[Work to be completed] Apart from the pictures, please restate every entry below exactly.

[Records excerpted from a collection]
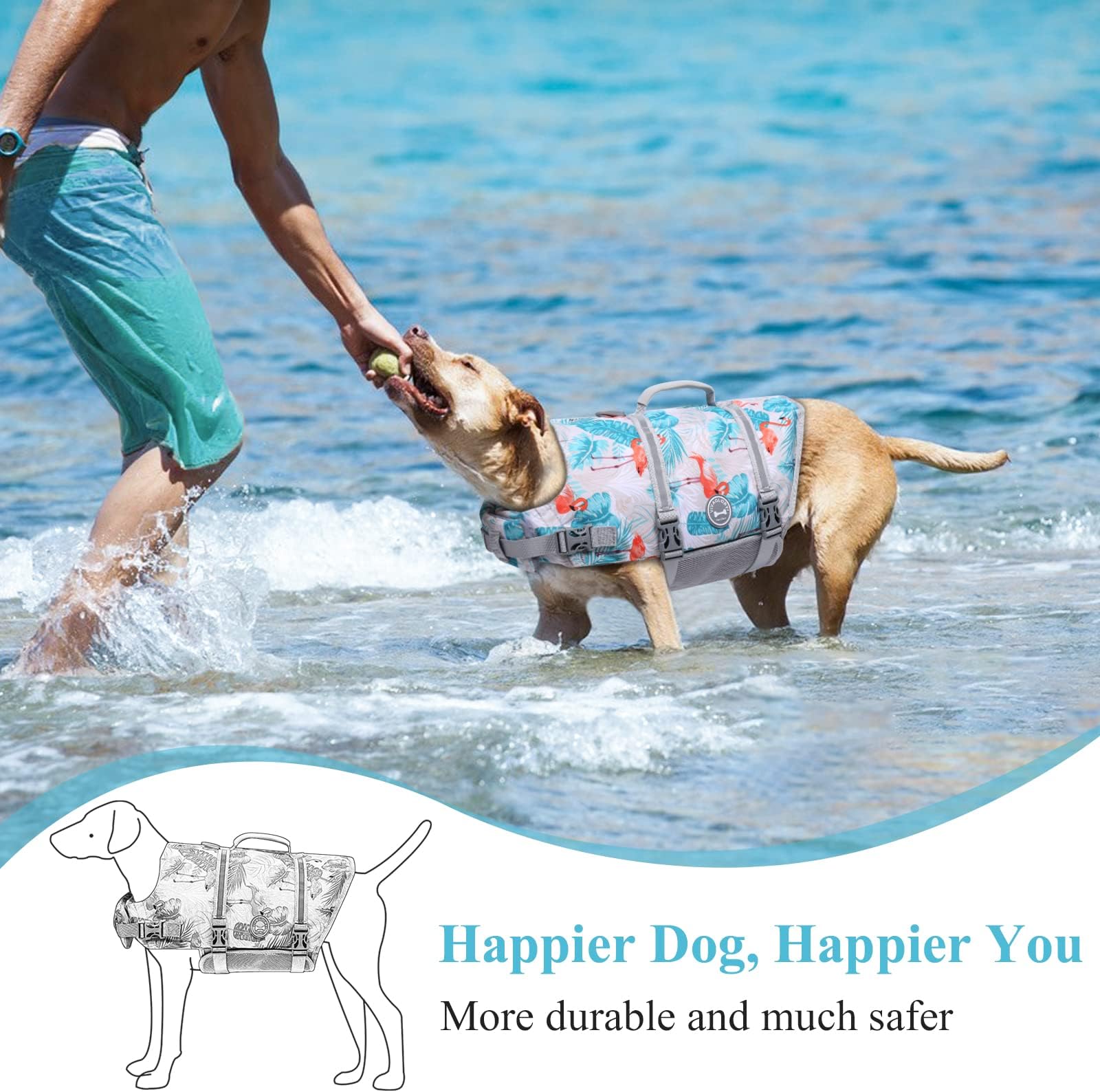 free shipping VIVAGLORY Ripstop Life et for Small Medium Large Dogs Boating, Dog Swimming Vest with Enhanced Buoyancy & Visibility, Northeast Florals-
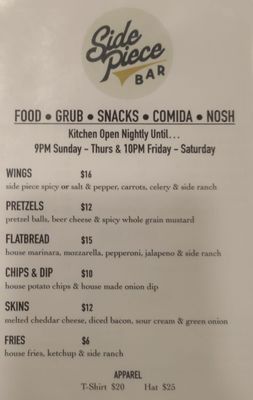 Menu photo 5 Side Piece San Diego, CA Menu photo 5 Side Piece San Diego, CA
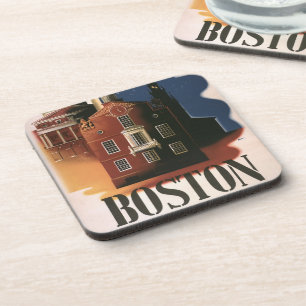 Vintage Boston, Massachusetts Paul Revere's Ride Beverage Coaster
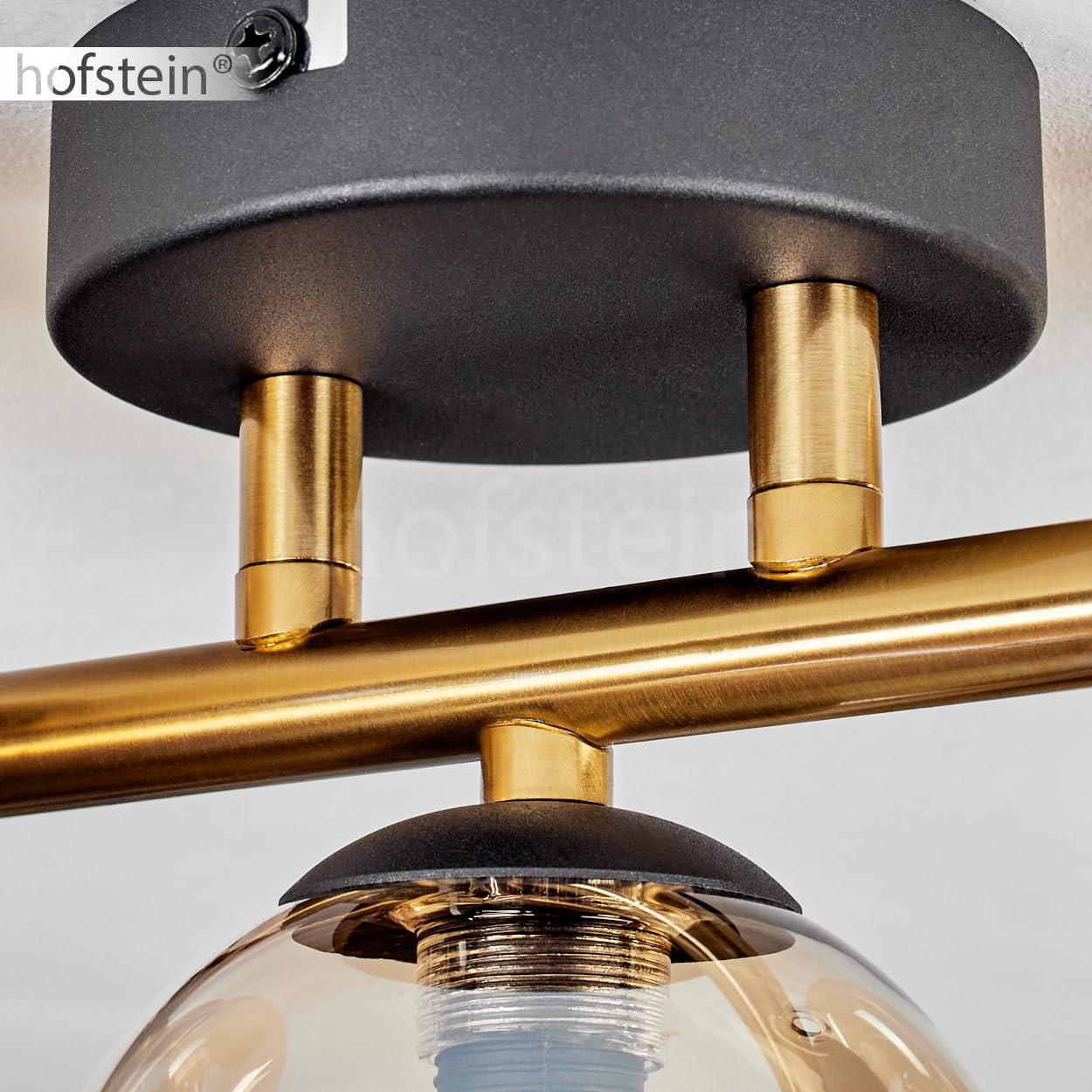 Lampada da soffitto Chehalis, lampada da soffitto in metallo/vetro nero/oro/ambra, design retrò/vintage con ombrelli in vetro (Ø 10 e 12 cm), 3 LED G9, senza lampadina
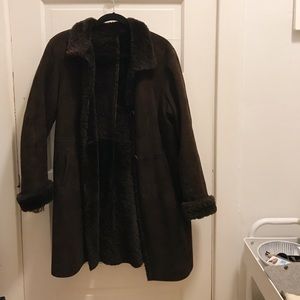 Dark Brown Vintage Shearling Coat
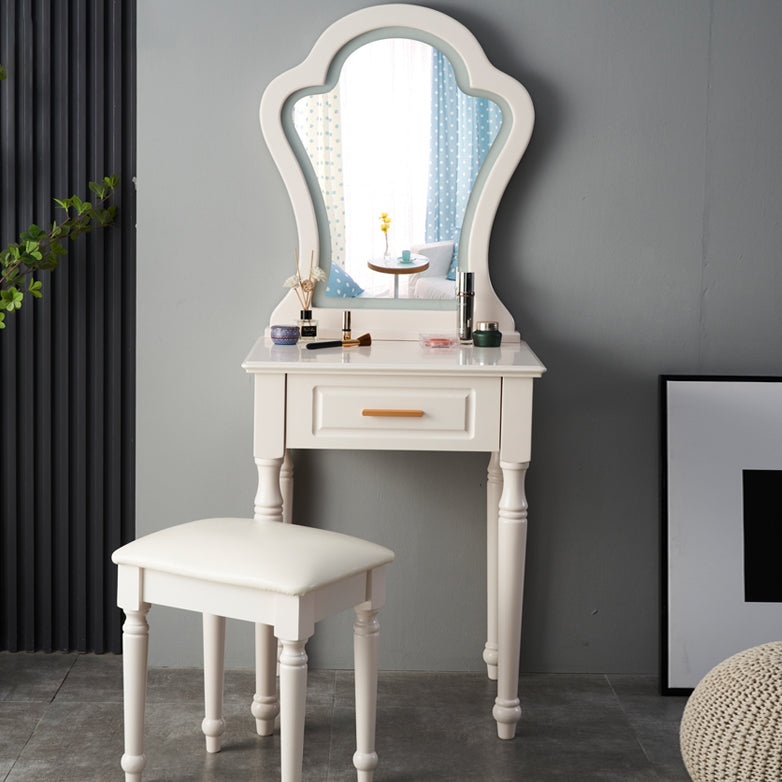 Solid Wood Makeup Vanity Desk Bedroom Dressing Table Stool Set with Drawer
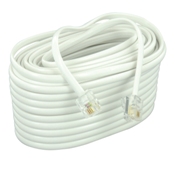 50-Feet Flatwire Modular Phone Line Cord with Modular Plugs, White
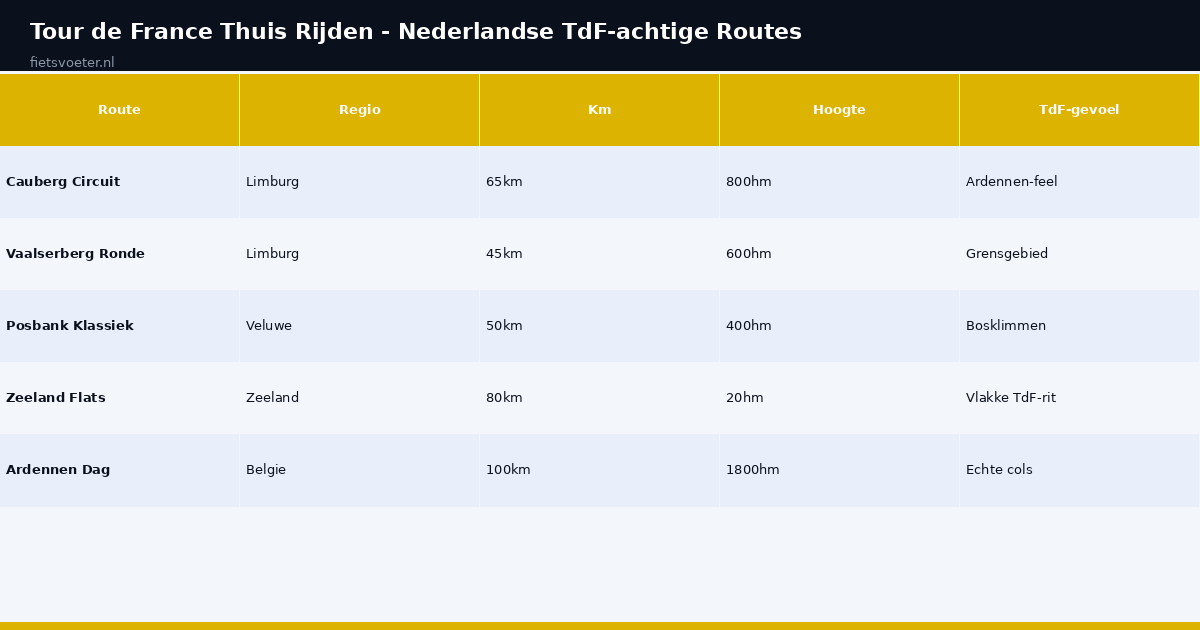 Tour de France thuis rijden routes Nederland Belgie vergelijking Fietsvoeter.nl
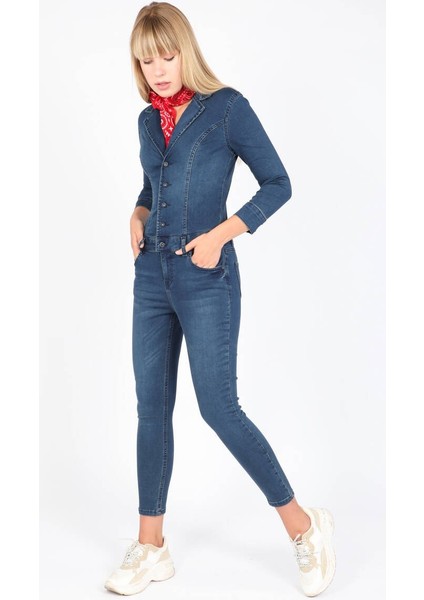 Kadın Koyu Lacivert Jean Tulum Pantolon modelleri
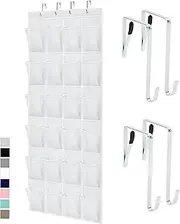 Gorilla Grip Slip Resistant Breathable Space Saving Mesh Large 24 Pocket Shoe Organizer, Up to 40 Pounds, Over the Door, Sturdy Closet Storage Rack Hangs on Closets for Shoes, Sneakers, White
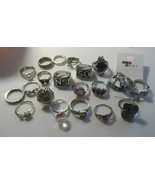 Vintage-Modern RING Lot 25 Piece Cocktail, Rhinestone- Different sizes - $116.75 CAD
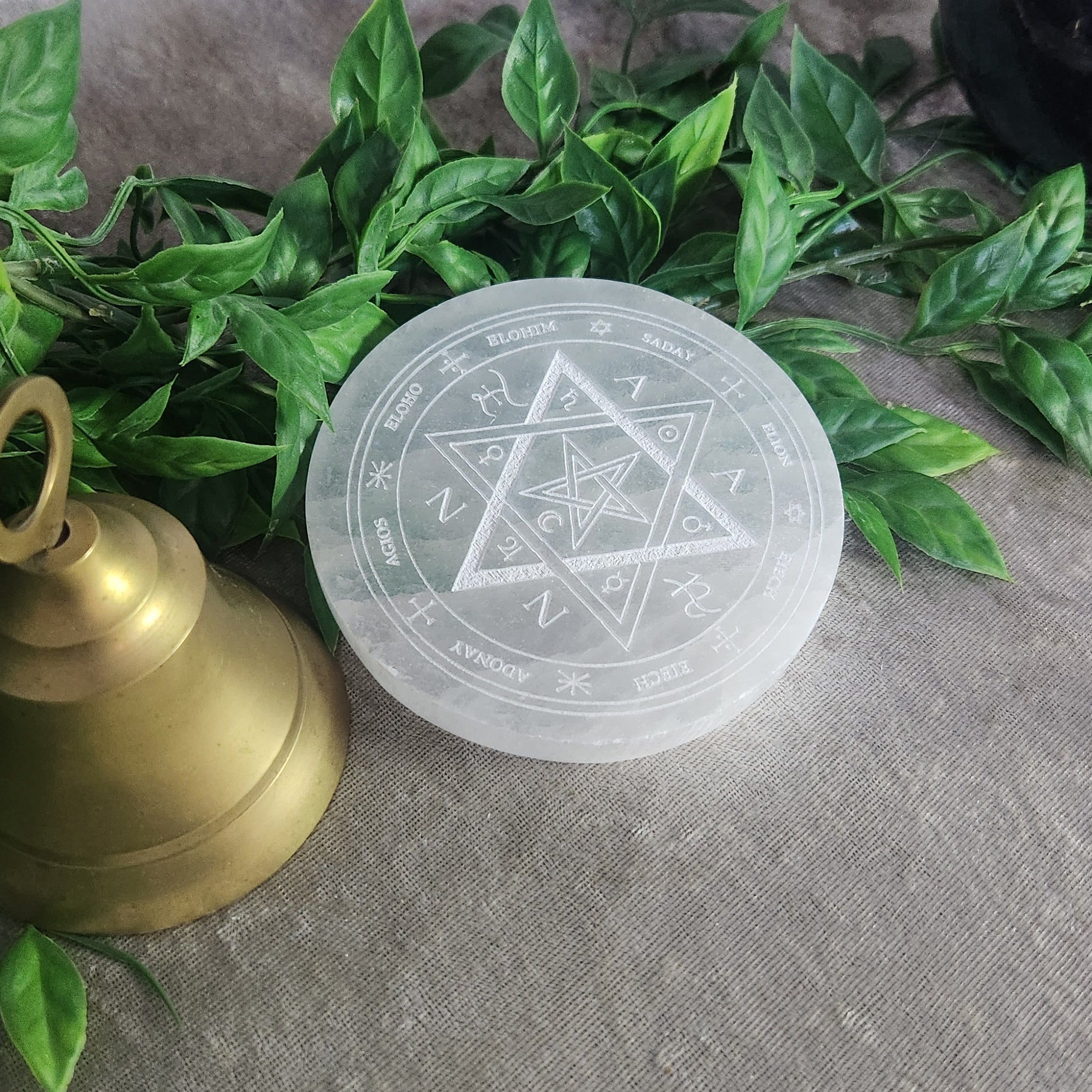 Satin Spar selenite altar plate with pentacle and directional symbols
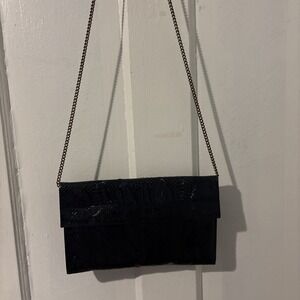Vintage Black Mary Ann Rosenfeld‎ Snake Leather Purse Clutch Shoulder Bag Chain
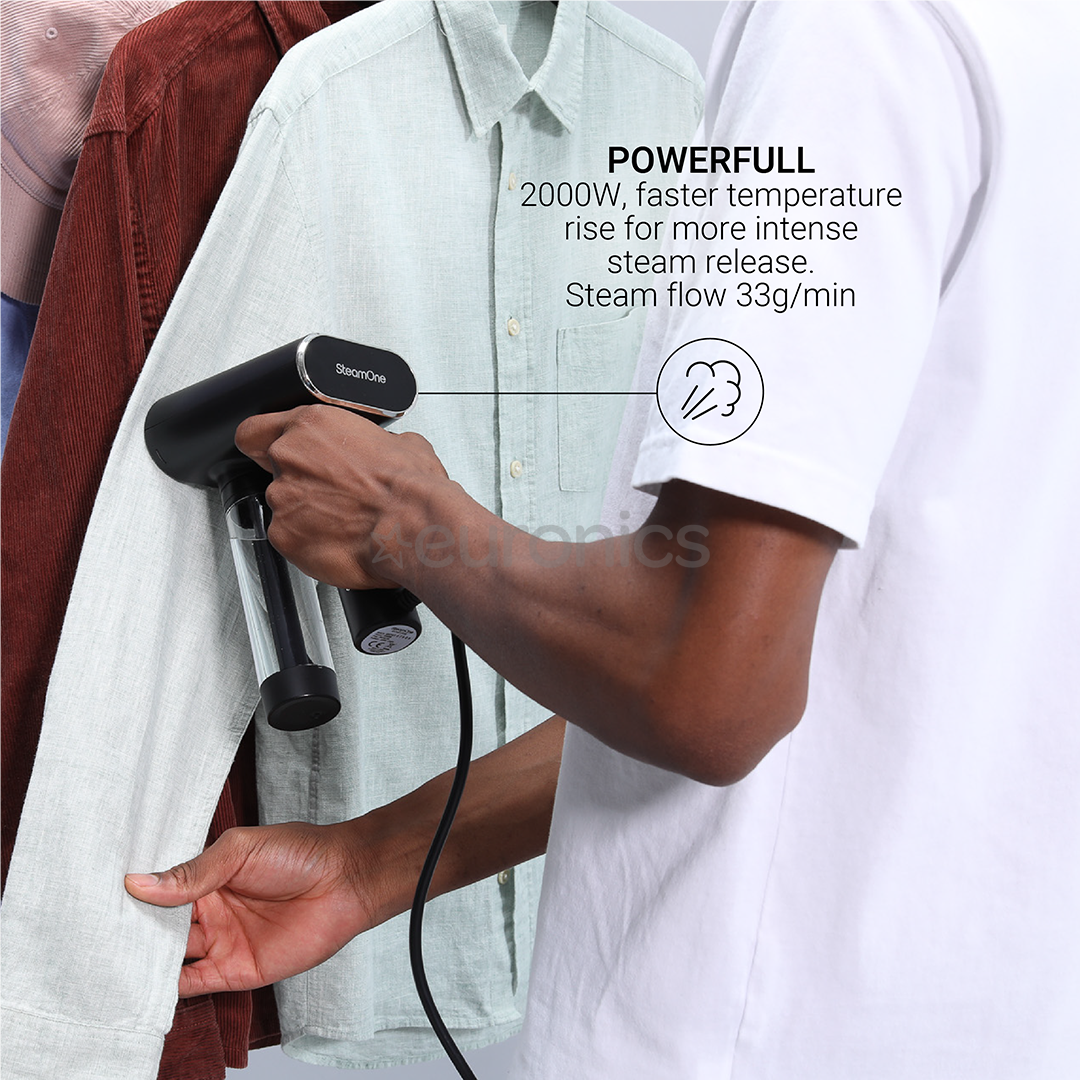 SteamOne Karl 2, 2000 W, melna - Rokas apģērbu tvaicētājs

[Written answer]
 free shipping VIVAGLORY Ripstop Life et for Small Medium Large Dogs Boating, Dog Swimming Vest with Enhanced Buoyancy & Visibility, Northeast Florals-
 Menu photo 5 Side Piece San Diego, CA Menu photo 5 Side Piece San Diego, CA
 Vintage Boston, Massachusetts Paul Revere's Ride Beverage Coaster
 Lampada da soffitto Chehalis, lampada da soffitto in metallo/vetro nero/oro/ambra, design retrò/vintage con ombrelli in vetro (Ø 10 e 12 cm), 3 LED G9, senza lampadina
 Dark Brown Vintage Shearling Coat
 Solid Wood Makeup Vanity Desk Bedroom Dressing Table Stool Set with Drawer
 50-Feet Flatwire Modular Phone Line Cord with Modular Plugs, White
 Tour de France thuis rijden routes Nederland Belgie vergelijking Fietsvoeter.nl
 Kadın Koyu Lacivert Jean Tulum Pantolon modelleri
 Gorilla Grip Slip Resistant Breathable Space Saving Mesh Large 24 Pocket Shoe Organizer, Up to 40 Pounds, Over the Door, Sturdy Closet Storage Rack Hangs on Closets for Shoes, Sneakers, White
 Vintage-Modern RING Lot 25 Piece Cocktail, Rhinestone- Different sizes - $116.75 CAD
 Satin Spar selenite altar plate with pentacle and directional symbols
Vintage Black Mary Ann Rosenfeld‎ Snake Leather Purse Clutch Shoulder Bag Chain
 SteamOne Karl 2, 2000 W, melna - Rokas apģērbu tvaicētājs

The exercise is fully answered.